Old thread, but nonetheless, I'll throw my view on this motherboard:
The reason why it's expensive is because it's loaded with stuff you won't see on most if any similar motherboards (true for most Supermicro motherboards). The board has a real southbridge, ICH9R, which can do RAID 0, 1, 5 and 10 and offers 6 SATA 3Gb/s ports, not 2 like NM10 (which doesn't do RAID either; I believe you need Windows for RAID 5 on Intel southbridges anyway). In addition to that it has
two Intel 82574L Gigabit controllers - most boards have one, maybe two but Realtek, which in my experience (and many who have used both) Intel makes some of the best (speed and reliability) ethernet controllers. You also get PCI-E 2.0 x4 in an x16 slot for expansion, as well as one USB 2.0 port intended to for a flash drive to boot from; there's also a 4-pin molex to power fans or other low-power stuff and two 4-pin PWM fan headers.
The most important thing about it is it's integrated video chip (Matrox G200eW is nothing spectacular, VGA output and 8MB DDR - that's the amount of
cache quad-core CPUs have) and IPMI with a dedicated Etherner port. This is for a really awesome feature this board is all about - remote management, you know, the thing you get with Dell's iDRAC cards.
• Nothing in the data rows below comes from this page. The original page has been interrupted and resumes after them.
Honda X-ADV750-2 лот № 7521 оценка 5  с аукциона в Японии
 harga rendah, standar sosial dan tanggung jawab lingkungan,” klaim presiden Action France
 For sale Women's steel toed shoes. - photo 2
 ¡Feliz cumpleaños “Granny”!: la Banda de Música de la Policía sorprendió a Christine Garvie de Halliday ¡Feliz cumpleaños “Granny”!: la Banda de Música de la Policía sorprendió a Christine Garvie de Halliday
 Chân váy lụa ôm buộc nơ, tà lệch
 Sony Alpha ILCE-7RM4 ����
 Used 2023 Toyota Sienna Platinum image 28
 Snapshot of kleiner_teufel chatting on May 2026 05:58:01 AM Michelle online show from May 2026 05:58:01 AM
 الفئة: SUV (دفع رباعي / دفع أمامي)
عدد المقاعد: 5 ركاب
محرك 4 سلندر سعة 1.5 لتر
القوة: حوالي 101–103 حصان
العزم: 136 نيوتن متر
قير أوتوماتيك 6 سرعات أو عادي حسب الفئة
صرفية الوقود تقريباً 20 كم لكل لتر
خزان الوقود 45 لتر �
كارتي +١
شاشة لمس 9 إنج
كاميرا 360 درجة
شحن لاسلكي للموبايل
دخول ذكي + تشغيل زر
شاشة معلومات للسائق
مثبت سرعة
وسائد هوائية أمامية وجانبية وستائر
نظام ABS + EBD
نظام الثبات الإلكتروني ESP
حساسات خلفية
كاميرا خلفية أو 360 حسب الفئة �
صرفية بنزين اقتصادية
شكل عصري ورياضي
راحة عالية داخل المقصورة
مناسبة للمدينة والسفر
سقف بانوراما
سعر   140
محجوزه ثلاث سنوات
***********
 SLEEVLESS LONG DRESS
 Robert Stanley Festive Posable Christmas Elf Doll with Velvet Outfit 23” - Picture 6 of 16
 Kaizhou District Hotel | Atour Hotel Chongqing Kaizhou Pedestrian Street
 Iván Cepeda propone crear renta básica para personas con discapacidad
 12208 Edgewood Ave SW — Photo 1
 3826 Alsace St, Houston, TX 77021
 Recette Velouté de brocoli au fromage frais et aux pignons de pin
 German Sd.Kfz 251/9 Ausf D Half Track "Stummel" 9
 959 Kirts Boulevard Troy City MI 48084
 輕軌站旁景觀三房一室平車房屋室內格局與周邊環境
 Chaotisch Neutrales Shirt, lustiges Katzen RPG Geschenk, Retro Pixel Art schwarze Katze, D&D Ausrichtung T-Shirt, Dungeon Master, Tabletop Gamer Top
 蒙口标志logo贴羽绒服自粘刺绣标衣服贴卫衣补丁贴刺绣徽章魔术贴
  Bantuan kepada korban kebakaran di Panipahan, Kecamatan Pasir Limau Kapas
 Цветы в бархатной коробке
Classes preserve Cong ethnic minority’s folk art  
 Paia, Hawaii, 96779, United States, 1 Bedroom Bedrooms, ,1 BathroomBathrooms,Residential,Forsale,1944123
I won't get into detail about that, as Patrick @ ServeTheHome
has written a lot about it (and about Supermicro in general), so just head there and read his post - it's extremely detailed.
This board is easily worth it's price, just like most Supermicro boards (on some boards the onboard components are worth more than a motherboard + those purchased separately, like X8ST3-F or X8SI6-F).